Humans have a sketchy history with moral decision making. In an election year, one could make the argument that morals are simply something we read about in children's books. While we might be questioning ours on a daily basis, self-driving cars pose another wrinkle to the twisting evolution of human morality—automobile morality. Self-driving cars are being taught to think, to react, but are they being taught the difference between a logical decision and a moral one?
I have always maintained that there are four key areas to the act of driving: technical skills, variable analysis, decision morality and pure instinct. Self-driving cars can easily cover the first two and instinct can be fettered out through processors that work faster than our pithy brains. So that leaves decision morality. Let me give you a few examples: squirrel or accident; edging into pedestrians (without hitting them) at a NYC crosswalk; passing a slowly moving semi-truck on a lonely country road with low visibility; getting stuck behind the mailman and so on.
Ford plans on releasing its own self-driving cars sans steering wheels by 2021, which means all decisions will rest solely within the brain of the vehicle. There will be no option for human override. Of course, all this is moot in a world where every car is a self-driving car and the infrastructure supports autonomous transportation. For a while, it will be a mixed highway and that is where we question the ability of a self-driving car to not kill us because the situation wasn't programmed or violates decision analysis rules.
A recent study revealed that most people prefer that self-driving cars be programmed to save the most people in the event of an accident, even if it kills the driver—unless they are the drivers. So, no martyrs to be found there.
Until we transition to a fully autonomous transportation system, there are always going to be scenarios to consider. If a human driver is going to cut off a self-driving car but the self-driving car has the legal right of way, what does the self-driving car do? Does a self-driving car speed through a yellow light, so it doesn't run a red, or does it just stop and treat it like a red light to be safe? Does it stop short, potentially causing an accident cause the human driver behind the self-driving car thought it was going through the yellow?
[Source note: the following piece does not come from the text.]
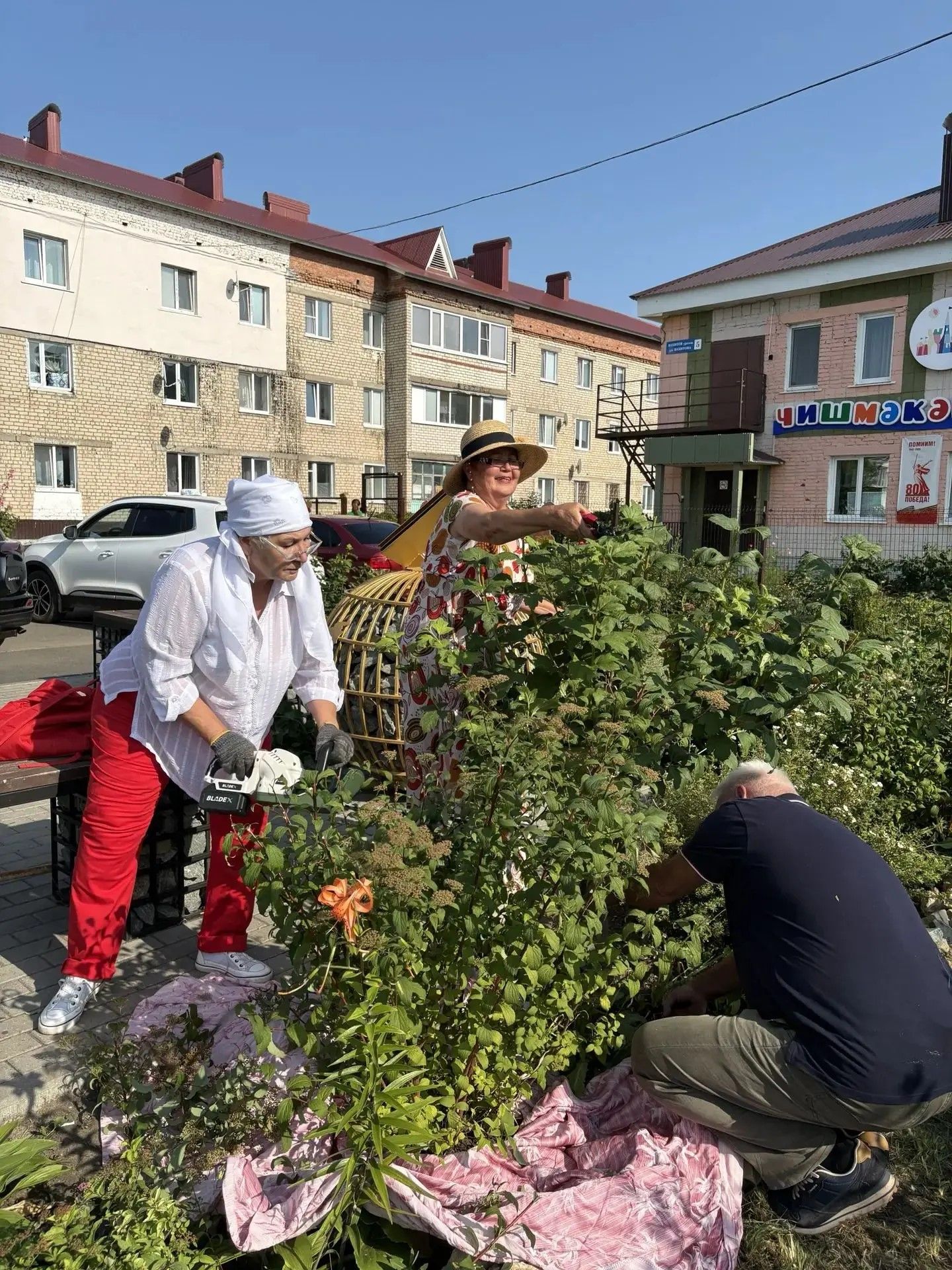Волонтеры привели в порядок Сквер учителей в Нурлате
"It's not gonna be that easy. Decisions—how does a self driving car decide between X or Y," Dan Wellers, Digital Futures Global lead at SAP, told Motherboard. "I've been around this industry for a while and I've always thought about software as being the business logic; it's easy to make that jump to software equals intent. There are two schools of thought on coding ethical decisions into the software. The first is seeing what happens then analyzing the data and making revisions. But there is another school of thought. Convolutional neural networks; using cameras, GPUs, neural network A.I. to learn as it goes."
While it could be said that when these instances appear and are reported to the manufacturer, the cars would then be provided with a software update to handle the same decision in the future. That's fine in theory, but really, every interaction on the road is unique even if it's the same one as before. At least MIT has built a fun game around moral dilemmas.
The variable scenarios won't just make for quirky plot lines on procedural cop shows, they'll become real-life pressure points for discussions around safety and how we adapt to relying on self-driving cars. It is easy to imagine the scenarios that might pop up.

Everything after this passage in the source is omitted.